WHAT IS REQUIRED: Please repeat only the stretch of records running from the first line through the line that contains "Snug & Warm".

[Records from a data collection]

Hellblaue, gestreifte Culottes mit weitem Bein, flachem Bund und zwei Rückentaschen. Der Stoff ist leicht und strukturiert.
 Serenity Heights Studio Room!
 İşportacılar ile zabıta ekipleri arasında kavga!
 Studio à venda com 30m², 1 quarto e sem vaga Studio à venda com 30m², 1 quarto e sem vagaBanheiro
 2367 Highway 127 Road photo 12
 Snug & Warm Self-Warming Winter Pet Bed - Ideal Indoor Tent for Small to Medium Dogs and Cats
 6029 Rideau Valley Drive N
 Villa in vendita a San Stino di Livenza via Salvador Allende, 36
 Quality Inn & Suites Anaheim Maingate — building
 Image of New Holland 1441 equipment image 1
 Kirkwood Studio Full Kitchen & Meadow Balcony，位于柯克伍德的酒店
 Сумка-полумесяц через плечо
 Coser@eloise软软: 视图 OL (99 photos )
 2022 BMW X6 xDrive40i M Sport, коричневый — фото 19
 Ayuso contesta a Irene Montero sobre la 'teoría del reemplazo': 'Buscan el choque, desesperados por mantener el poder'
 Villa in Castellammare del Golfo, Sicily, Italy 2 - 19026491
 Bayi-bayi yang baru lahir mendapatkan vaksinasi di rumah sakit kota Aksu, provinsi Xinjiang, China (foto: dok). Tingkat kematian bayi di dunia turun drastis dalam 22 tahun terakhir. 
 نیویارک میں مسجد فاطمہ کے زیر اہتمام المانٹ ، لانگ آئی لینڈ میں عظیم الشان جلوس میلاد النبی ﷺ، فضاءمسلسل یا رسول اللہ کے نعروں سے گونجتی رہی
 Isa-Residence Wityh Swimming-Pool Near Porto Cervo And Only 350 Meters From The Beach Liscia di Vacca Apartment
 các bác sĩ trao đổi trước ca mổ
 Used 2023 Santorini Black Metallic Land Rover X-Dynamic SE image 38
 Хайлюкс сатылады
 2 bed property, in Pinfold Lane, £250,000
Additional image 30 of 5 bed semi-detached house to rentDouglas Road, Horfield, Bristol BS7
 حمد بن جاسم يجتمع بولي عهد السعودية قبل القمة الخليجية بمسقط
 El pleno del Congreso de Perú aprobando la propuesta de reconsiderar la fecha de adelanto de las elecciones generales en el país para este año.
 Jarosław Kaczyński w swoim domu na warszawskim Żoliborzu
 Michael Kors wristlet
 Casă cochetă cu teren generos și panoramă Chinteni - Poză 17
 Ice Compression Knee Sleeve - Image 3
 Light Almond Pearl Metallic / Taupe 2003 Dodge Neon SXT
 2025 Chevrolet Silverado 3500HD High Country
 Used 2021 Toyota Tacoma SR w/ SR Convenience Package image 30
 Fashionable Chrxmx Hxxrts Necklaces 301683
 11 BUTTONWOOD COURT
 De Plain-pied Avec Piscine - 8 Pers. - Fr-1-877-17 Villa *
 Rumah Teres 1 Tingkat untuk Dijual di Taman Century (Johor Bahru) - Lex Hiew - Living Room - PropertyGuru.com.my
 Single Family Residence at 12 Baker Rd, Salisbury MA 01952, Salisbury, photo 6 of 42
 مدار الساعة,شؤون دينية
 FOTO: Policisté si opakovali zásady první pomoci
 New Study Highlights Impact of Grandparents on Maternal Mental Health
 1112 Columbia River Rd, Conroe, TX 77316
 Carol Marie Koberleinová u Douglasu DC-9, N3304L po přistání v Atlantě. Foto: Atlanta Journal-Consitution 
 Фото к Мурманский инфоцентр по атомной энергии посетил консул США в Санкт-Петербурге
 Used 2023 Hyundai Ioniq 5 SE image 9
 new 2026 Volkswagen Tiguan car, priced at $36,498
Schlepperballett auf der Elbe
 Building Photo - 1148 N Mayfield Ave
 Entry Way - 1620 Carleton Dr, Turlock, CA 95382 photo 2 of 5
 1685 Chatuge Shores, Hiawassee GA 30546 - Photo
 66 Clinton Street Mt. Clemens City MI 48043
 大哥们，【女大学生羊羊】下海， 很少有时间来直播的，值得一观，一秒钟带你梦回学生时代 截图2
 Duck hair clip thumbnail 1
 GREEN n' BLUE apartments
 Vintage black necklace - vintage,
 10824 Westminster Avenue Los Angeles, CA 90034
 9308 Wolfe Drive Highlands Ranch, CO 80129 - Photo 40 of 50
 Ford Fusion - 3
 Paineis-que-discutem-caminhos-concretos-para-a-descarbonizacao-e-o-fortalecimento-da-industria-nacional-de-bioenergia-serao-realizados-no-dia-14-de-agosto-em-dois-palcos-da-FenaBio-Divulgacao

RESPONSE TO THIS TASK:
Hellblaue, gestreifte Culottes mit weitem Bein, flachem Bund und zwei Rückentaschen. Der Stoff ist leicht und strukturiert.
 Serenity Heights Studio Room!
 İşportacılar ile zabıta ekipleri arasında kavga!
 Studio à venda com 30m², 1 quarto e sem vaga Studio à venda com 30m², 1 quarto e sem vagaBanheiro
 2367 Highway 127 Road photo 12
 Snug & Warm Self-Warming Winter Pet Bed - Ideal Indoor Tent for Small to Medium Dogs and Cats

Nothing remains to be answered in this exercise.